Oliver Keith Baker was born in McGehee, Arkansas in 1959 to parents Oliver and Yvonne Baker, and grew up in Memphis, Tennessee.

Keith Baker received his B.S. in Physics from the Massachusetts Institute of Technology (MIT) in 1981. Baker completed both his M.S. in physics and mathematics in 1984 and his Ph.D in physics in 1987 from Stanford working on experimental nuclear physics.

Career

Baker completed a post-doc at Los Alamos National Laboratory from 1986 to 1988 conducting research on muon catalyzed fusion.
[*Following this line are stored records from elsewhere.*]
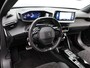 Peugeot e-2008 EV GT 50 kWh Full Option | SOH 97,3% | Panoramadak | Elektrisch Verstelbare Bestuurderstoel | Stoelverwarming | Parkeersensoren Voor en Achter | Camera | Dodehoekbewaking | Adaptieve Cruise Control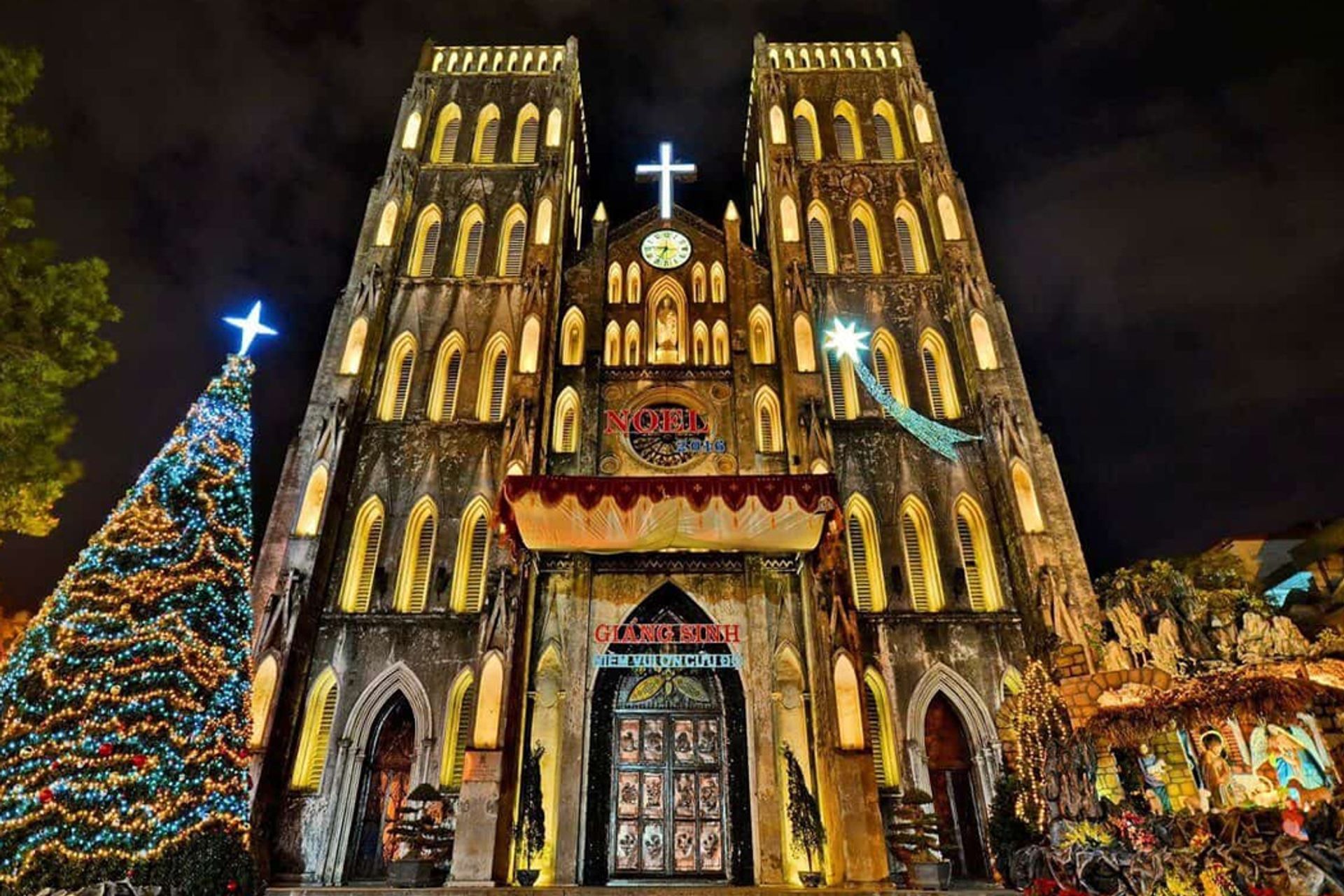 Lễ Giáng sinh tại  nhà thờ lớn Hà Nội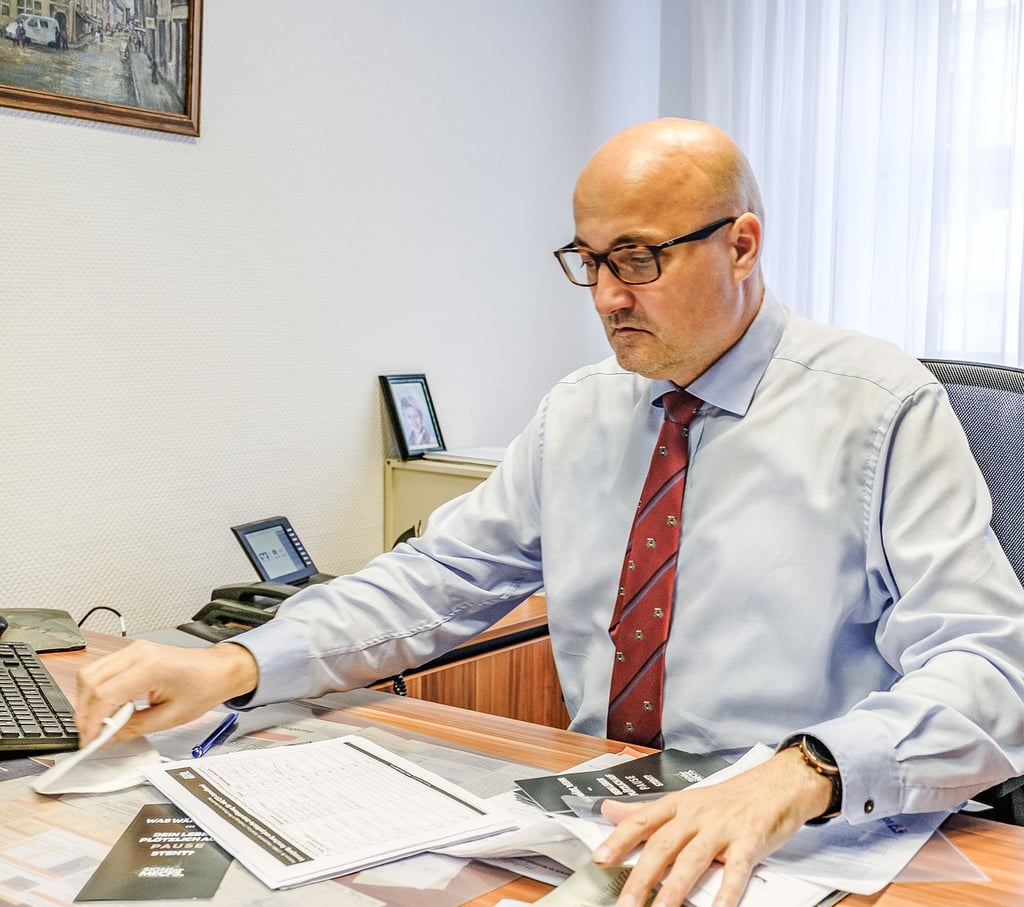 Volker Nagels Sohn leidet an ME/CFS. Nun unterstützt der Wittenberger eine an den Bundestag gerichtete Petition, die von anderen Betroffenen gestartet wurde. Ziel ist es, die medizinische Versorgung der Patienten zu verbessern.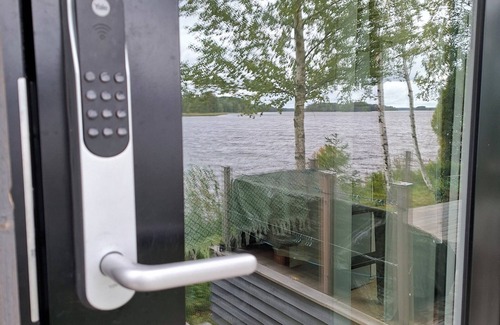 Sandviken Cabaña | Sjöhuset - boats, beach, sauna, jetty and barbecue!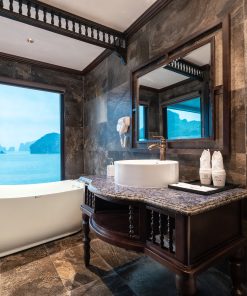 Venus Cruise Lan Hạ (2N1Đ) - Image 5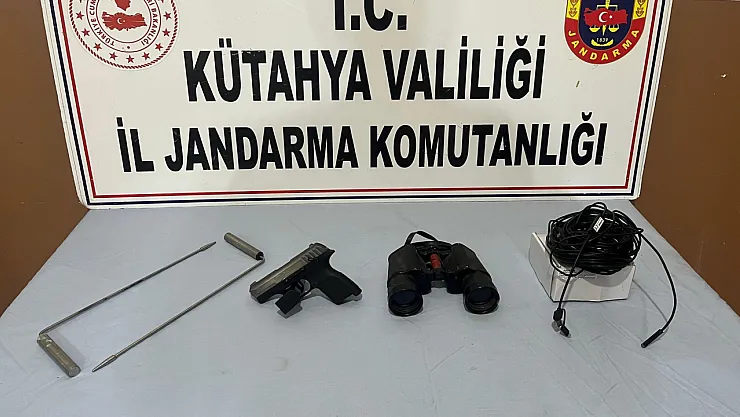 Jandarmadan Kaçak Kazı Operasyonu: 2 Şüpheli Gözaltına Alındı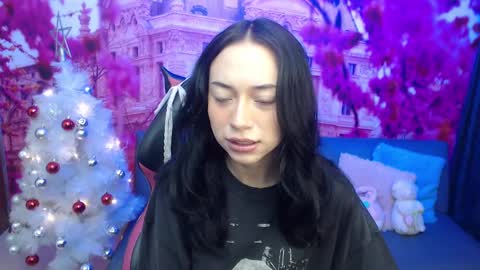 Snapshot of hanaku_8 chatting on 12.09.24 Hanaku online show from 12.09.24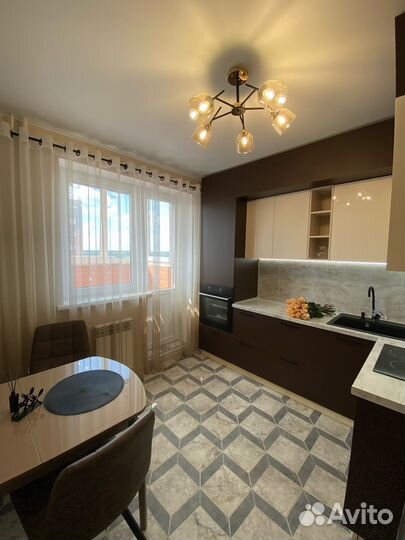 Кухня на заказ под потолок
After his post-doc, Baker joined Hampton University in 1989 as an assistant professor in the physics department with a joint appointment as a staff scientist at Thomas Jefferson National Accelerator Facility. In 2002, Baker received an Endowed University Professorship from Hampton University for his contributions to experimental nuclear and particle physics research as well as his work in outreach activities.

In 2006, Baker began professorship at Yale University where he was the first tenured African American faculty member in the physics department. Baker is a member of the ATLAS Collaboration, which in 2012 discovered the Higgs boson predicted by the Standard Model. Baker also models dark sector analogues of Standard Model photons called paraphotons, which may be experimentally supported by observing the spectrum of ultra-high-energy cosmic rays from BL Lacertae objects.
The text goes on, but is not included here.